Les actionnaires de Van Houtte ont approuvé lundi la vente de l'entreprise montréalaise à la firme américaine d'investissement Littlejohn & Co. pour 615 millions $, incluant la dette.
La transaction a été entérinée dans une proportion de plus de 99 pour cent à l'occasion d'une assemblée extraordinaire à Montréal.
Le capital du torréfacteur et distributeur sera fermé et son titre ne sera plus coté à la Bourse de Toronto. Littlejohn et ses partenaires, parmi lesquels se trouve le Fonds de solidarité de la FTQ, verseront 25 $ pour chaque action en circulation.
Aucun changement dans les niveaux de personnel, les orientations stratégiques ou l'exploitation ne devrait survenir à la suite de la transaction.
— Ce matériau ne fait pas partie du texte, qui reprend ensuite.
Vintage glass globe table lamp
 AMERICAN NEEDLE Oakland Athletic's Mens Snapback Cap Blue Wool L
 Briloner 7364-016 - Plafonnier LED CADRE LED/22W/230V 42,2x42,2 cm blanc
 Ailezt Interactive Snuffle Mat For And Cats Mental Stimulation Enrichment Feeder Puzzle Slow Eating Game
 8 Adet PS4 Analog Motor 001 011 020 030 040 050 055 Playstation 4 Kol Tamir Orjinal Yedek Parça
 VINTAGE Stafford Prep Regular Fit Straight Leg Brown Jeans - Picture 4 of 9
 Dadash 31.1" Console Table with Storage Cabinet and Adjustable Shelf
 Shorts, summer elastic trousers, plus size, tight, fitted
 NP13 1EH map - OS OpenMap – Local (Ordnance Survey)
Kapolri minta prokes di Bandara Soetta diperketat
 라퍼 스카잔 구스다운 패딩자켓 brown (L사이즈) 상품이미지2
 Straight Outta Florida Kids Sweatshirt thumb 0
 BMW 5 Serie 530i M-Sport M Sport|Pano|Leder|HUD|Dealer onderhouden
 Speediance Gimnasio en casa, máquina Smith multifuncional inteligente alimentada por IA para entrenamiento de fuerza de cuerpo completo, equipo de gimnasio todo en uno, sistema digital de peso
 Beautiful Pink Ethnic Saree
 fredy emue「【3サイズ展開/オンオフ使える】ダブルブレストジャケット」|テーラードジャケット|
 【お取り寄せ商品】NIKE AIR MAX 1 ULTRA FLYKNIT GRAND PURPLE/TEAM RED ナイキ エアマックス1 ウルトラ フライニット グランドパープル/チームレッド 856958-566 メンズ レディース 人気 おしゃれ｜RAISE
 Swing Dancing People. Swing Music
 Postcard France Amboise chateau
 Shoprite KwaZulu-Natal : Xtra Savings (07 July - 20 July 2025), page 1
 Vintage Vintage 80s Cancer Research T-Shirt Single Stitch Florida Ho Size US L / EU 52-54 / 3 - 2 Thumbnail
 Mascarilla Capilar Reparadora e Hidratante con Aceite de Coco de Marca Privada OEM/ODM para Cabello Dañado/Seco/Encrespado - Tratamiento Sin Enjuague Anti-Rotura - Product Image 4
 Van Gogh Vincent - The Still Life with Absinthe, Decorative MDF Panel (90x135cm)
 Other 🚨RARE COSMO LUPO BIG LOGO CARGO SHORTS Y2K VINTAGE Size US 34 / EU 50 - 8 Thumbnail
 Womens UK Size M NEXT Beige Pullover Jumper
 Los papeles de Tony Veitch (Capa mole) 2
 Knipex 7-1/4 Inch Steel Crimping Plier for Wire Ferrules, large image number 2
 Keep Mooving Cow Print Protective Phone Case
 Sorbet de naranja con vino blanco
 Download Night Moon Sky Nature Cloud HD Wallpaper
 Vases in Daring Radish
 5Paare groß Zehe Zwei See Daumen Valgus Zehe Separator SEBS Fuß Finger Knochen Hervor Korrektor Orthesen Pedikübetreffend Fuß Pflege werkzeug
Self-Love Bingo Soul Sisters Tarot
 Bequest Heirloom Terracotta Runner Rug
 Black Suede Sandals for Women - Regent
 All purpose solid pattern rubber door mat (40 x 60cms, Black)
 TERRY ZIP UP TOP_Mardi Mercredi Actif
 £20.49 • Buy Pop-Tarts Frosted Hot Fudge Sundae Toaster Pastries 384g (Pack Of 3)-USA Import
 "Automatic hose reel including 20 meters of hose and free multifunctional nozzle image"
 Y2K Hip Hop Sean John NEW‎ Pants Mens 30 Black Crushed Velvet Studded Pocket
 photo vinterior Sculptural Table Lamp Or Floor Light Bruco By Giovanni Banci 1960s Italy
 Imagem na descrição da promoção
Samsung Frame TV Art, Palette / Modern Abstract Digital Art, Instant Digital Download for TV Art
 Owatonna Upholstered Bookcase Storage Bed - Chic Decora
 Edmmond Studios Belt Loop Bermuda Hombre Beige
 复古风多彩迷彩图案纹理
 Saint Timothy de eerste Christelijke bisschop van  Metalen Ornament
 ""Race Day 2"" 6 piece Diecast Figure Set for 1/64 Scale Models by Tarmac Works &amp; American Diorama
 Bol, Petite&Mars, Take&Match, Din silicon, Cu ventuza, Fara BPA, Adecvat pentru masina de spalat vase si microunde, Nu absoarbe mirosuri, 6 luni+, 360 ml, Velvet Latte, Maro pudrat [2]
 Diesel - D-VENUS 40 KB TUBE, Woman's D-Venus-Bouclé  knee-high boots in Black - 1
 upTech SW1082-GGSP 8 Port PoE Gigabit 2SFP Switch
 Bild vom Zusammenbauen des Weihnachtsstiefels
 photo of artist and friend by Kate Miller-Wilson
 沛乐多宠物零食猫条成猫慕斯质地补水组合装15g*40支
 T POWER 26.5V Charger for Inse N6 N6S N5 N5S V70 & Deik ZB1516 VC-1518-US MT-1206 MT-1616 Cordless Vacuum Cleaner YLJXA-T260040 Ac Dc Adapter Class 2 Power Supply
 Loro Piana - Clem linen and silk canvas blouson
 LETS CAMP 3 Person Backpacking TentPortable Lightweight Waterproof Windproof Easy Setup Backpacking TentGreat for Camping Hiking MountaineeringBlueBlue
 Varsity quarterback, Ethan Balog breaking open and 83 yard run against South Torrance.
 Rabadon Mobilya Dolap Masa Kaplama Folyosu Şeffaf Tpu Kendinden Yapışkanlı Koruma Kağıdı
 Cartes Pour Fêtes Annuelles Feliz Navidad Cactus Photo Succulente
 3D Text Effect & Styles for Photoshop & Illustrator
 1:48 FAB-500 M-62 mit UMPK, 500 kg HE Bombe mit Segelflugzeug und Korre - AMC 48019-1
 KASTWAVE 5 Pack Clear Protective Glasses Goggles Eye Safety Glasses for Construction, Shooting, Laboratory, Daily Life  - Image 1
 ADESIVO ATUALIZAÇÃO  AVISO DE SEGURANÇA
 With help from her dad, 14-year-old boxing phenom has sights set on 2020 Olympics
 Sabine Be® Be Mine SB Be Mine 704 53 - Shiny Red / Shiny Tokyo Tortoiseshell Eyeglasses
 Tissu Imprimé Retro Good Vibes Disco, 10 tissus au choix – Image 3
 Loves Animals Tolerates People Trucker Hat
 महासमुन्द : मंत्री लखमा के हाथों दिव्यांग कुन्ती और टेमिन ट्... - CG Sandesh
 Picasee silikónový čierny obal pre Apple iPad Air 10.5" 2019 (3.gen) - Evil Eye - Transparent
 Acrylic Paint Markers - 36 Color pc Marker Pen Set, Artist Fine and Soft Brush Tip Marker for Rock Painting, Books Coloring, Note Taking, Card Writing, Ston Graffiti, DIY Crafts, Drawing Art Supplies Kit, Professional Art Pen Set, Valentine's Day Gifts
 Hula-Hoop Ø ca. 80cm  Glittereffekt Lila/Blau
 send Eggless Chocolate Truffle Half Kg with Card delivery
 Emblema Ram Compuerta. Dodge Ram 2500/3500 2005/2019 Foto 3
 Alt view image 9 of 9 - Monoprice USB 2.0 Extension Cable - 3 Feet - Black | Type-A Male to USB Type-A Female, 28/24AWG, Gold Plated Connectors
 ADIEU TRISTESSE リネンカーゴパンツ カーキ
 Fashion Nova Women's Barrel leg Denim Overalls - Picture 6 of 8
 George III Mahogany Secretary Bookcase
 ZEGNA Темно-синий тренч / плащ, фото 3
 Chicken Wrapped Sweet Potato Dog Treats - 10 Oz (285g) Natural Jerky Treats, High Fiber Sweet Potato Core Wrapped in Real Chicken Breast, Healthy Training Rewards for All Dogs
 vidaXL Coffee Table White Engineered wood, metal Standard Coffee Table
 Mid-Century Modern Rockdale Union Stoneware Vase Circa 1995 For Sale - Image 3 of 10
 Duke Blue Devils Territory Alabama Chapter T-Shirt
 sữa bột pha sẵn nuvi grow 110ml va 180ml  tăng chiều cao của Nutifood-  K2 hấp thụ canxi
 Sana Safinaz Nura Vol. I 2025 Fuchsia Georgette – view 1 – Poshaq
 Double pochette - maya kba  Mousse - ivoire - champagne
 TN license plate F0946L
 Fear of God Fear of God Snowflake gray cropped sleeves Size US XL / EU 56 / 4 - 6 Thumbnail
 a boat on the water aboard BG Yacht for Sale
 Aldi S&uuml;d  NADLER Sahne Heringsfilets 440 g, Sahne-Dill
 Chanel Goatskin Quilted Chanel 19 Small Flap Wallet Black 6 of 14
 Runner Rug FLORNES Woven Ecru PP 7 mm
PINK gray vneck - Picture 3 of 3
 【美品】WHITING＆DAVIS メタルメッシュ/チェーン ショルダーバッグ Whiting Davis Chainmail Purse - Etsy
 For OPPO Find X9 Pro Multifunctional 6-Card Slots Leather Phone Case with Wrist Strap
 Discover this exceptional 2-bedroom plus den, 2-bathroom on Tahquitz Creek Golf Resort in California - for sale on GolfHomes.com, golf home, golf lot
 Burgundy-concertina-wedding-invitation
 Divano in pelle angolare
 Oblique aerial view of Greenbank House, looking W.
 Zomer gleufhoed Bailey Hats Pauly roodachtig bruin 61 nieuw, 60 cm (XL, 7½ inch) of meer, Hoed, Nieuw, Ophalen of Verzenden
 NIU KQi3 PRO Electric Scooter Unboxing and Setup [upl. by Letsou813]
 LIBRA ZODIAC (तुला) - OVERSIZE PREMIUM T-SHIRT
Après l'annonce des résultats du vote, la compagnie a indiqué qu'elle entendait accélérer sa croissance en Ontario et aux Etats-Unis. Avec l'appui des nouveaux propriétaires, la société montréalaise mettra en oeuvre son plan stratégique triennal, a affirmé le chef de la direction, Jean-Yves Monette.
Les nouveaux propriétaires appuient le développement dans les marchés des services de café dans les bureaux et dans la vente au détail mais ces changements ne se traduiront pas par l'ajout de nouveaux commerces ayant pignon sur rue, a dit M. Monette.
"Nous devons accélérer tout ça, pour l'Ontario et les Etats-Unis, où il faudra aller plus vite afin d'aller plus vite dans le développement de notre marque", a dit M. Monette, qui travaille pour l'entreprise depuis 13 ans.
Avec les principaux cadres actuellement en poste, il demeurera à la tête de l'entreprise après la fermeture de son capital. Le siège social de Van Houtte restera à Montréal.
La plus importante compagnie de torréfaction de cafés fins du Canada contrôle environ 50 pour cent du marché national, ce qui lui permet de disposer d'une position confortable pour faire des acquisitions, a dit M. Monette.
Les consommateurs canadiens qui sont habitués à la marque ne constateront cependant aucune modification à la suite du changement de propriétaire.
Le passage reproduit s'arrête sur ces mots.